WORK TASK
The records below must be reproduced exactly. Strip out the pictures.

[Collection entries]
[Start of section]
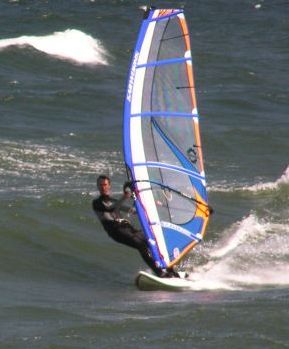 San Pareil  riding
Rvanderbyl powered up at home. 
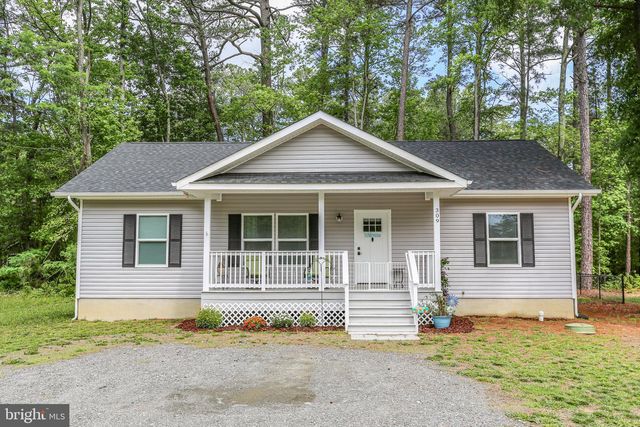 309 NORTH GLEBE RD, Montross, VA 22520
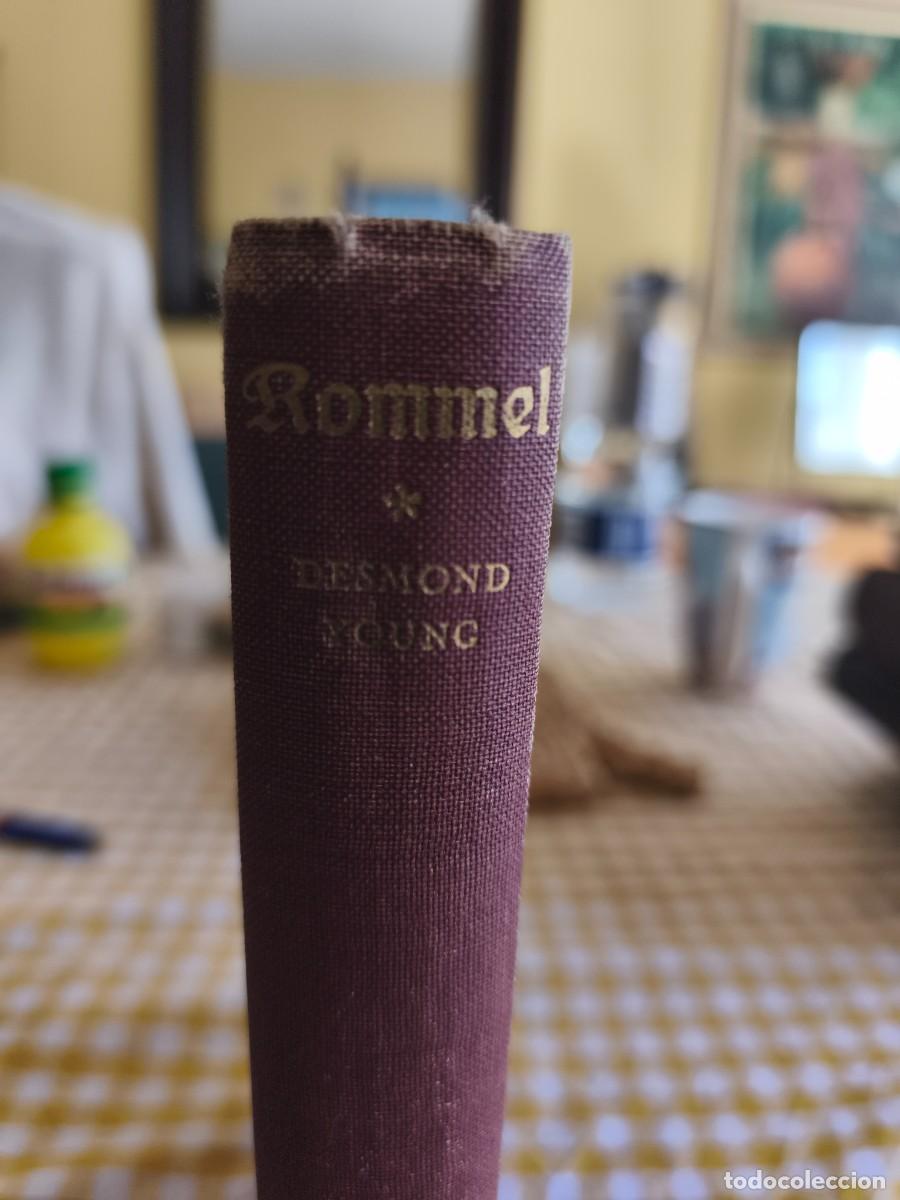 Libros antiguos: Rommel de Desmond Young - Foto 2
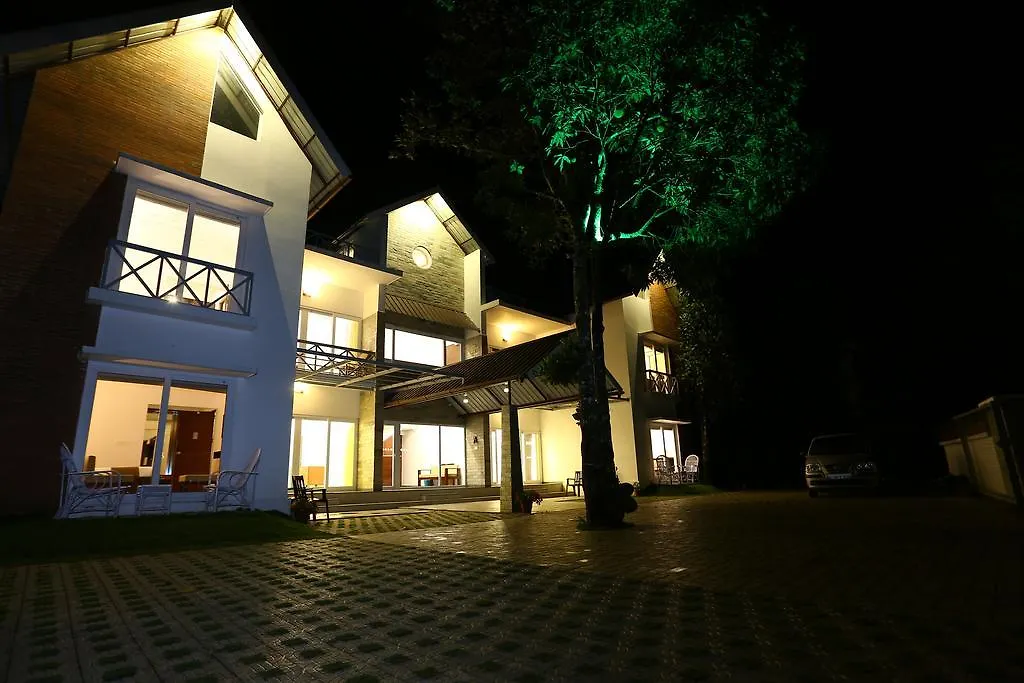 Crayons Guest House Munnar 3*,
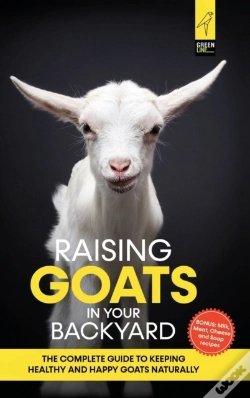 Capa do artigo Raising Goats In Your Backyard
[End of section]
OUTPUT OF THE TASK
 San Pareil  riding
Rvanderbyl powered up at home. 
 309 NORTH GLEBE RD, Montross, VA 22520
 Libros antiguos: Rommel de Desmond Young - Foto 2
 Crayons Guest House Munnar 3*,
 Capa do artigo Raising Goats In Your Backyard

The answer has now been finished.